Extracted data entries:
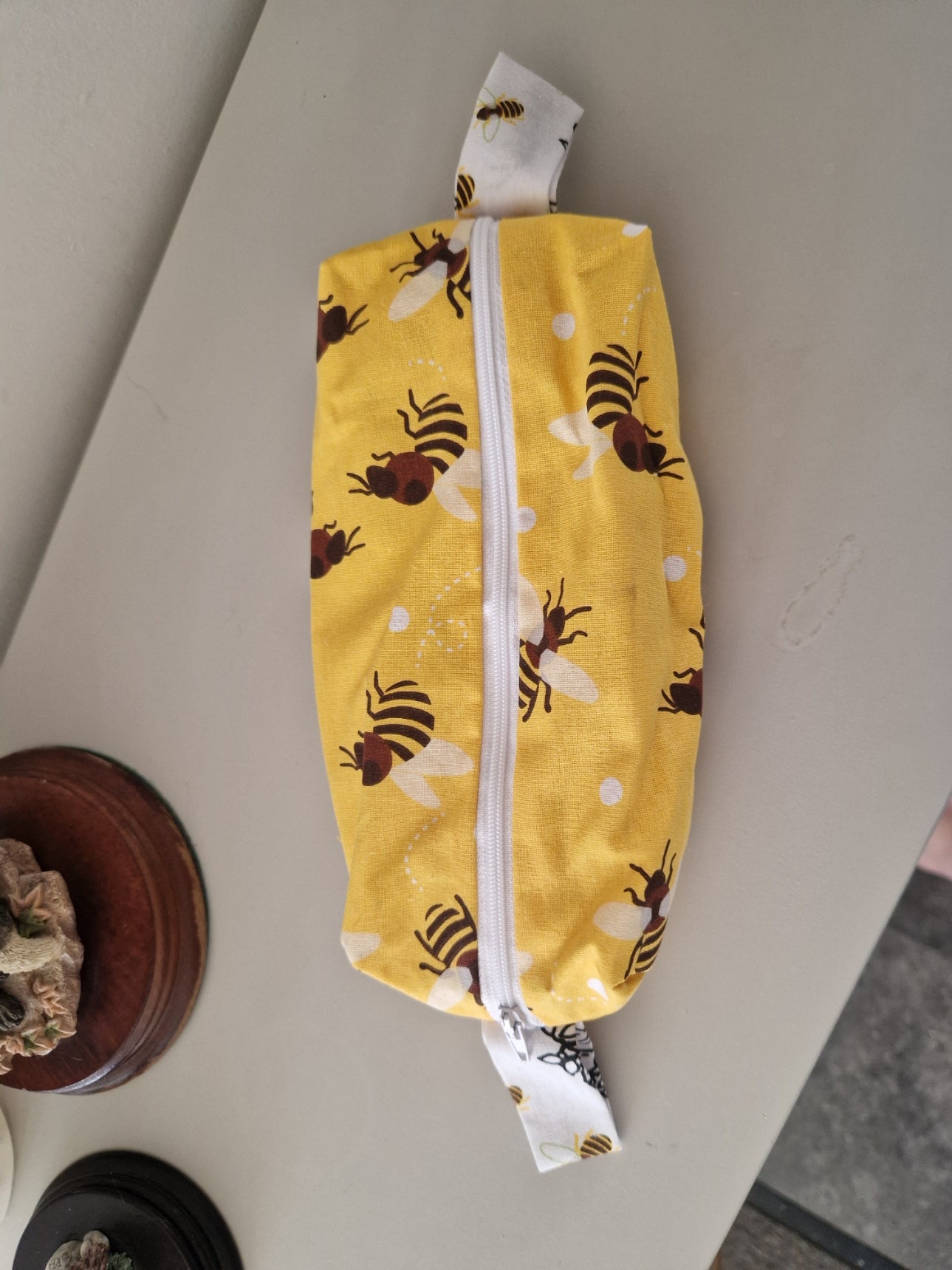 A yellow fabric zippered pouch decorated with a brown and black bee pattern, resting on a light gray tabletop.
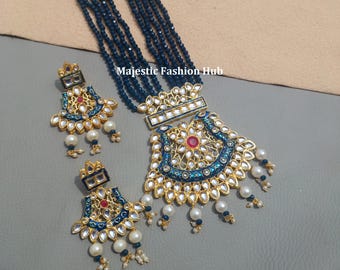 May include: An ornate gold-toned necklace and matching earrings set. The necklace features a large pendant with blue enamel detailing, a central red stone, and dangling pearls. The earrings mirror the pendant design. The necklace has multiple strands of dark blue beads.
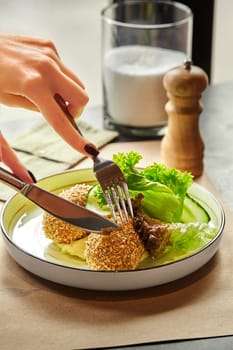 Female hands with perfect manicure using fork and knife to cut chicken patty in gold breading, served with side dish of mashed potatoes and green salad in cozy dining setting. Cropped shot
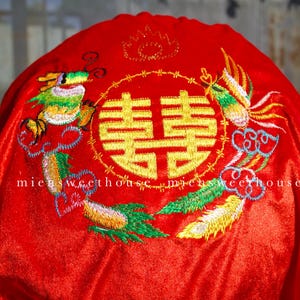 May include: Red fabric with gold embroidery featuring a double happiness symbol, a dragon, and a phoenix. The embroidery is in shades of green, yellow, and white. The text "micsweethouse" is visible.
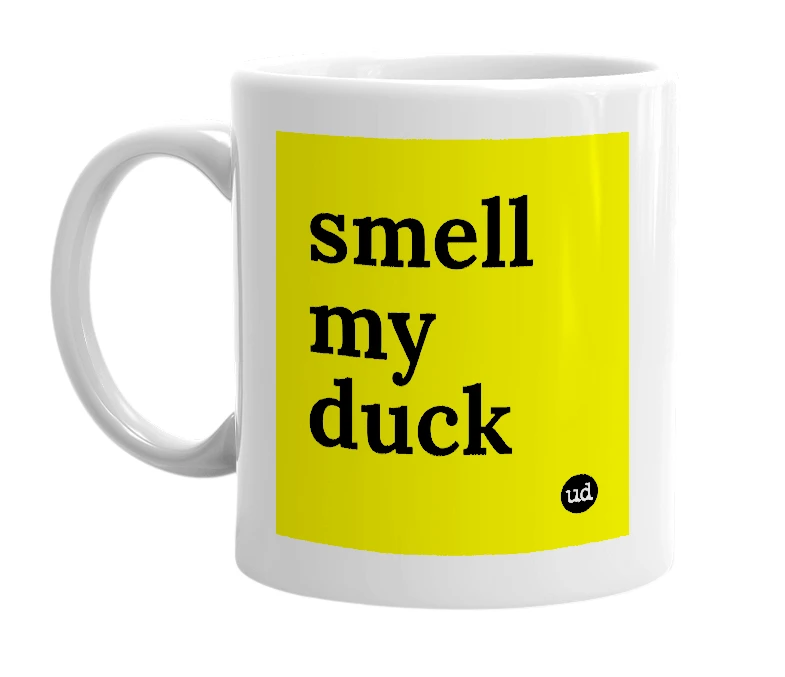 White mug with 'smell my duck' in bold black letters
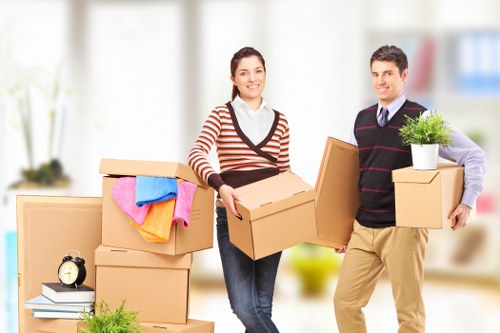Professionally insured St Johnswood removals team with PPE and safety equipment
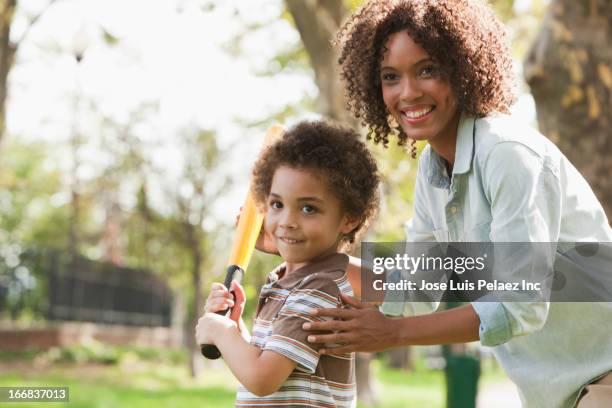 mother and son playing baseball in park - baseball player headshot stock-fotos und bilder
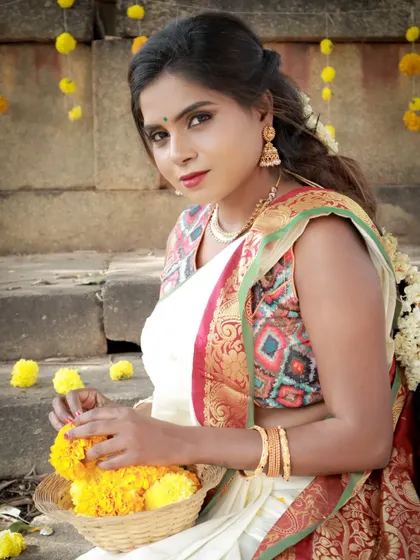 The beauty of simplicity. This traditional look for a festive shoot highlights a fresh, even skin tone and defined features, perfect for celebrating cultural events like Onam.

▸ Task instructions:
Leave the pictures out, then output exactly the lines from the "May include: An" line through the end of the records above, and no others.

▸ Solution to this task:
 May include: An ornate gold-toned necklace and matching earrings set. The necklace features a large pendant with blue enamel detailing, a central red stone, and dangling pearls. The earrings mirror the pendant design. The necklace has multiple strands of dark blue beads.
 Female hands with perfect manicure using fork and knife to cut chicken patty in gold breading, served with side dish of mashed potatoes and green salad in cozy dining setting. Cropped shot
 May include: Red fabric with gold embroidery featuring a double happiness symbol, a dragon, and a phoenix. The embroidery is in shades of green, yellow, and white. The text "micsweethouse" is visible.
 White mug with 'smell my duck' in bold black letters
Professionally insured St Johnswood removals team with PPE and safety equipment
 mother and son playing baseball in park - baseball player headshot stock-fotos und bilder
 The beauty of simplicity. This traditional look for a festive shoot highlights a fresh, even skin tone and defined features, perfect for celebrating cultural events like Onam.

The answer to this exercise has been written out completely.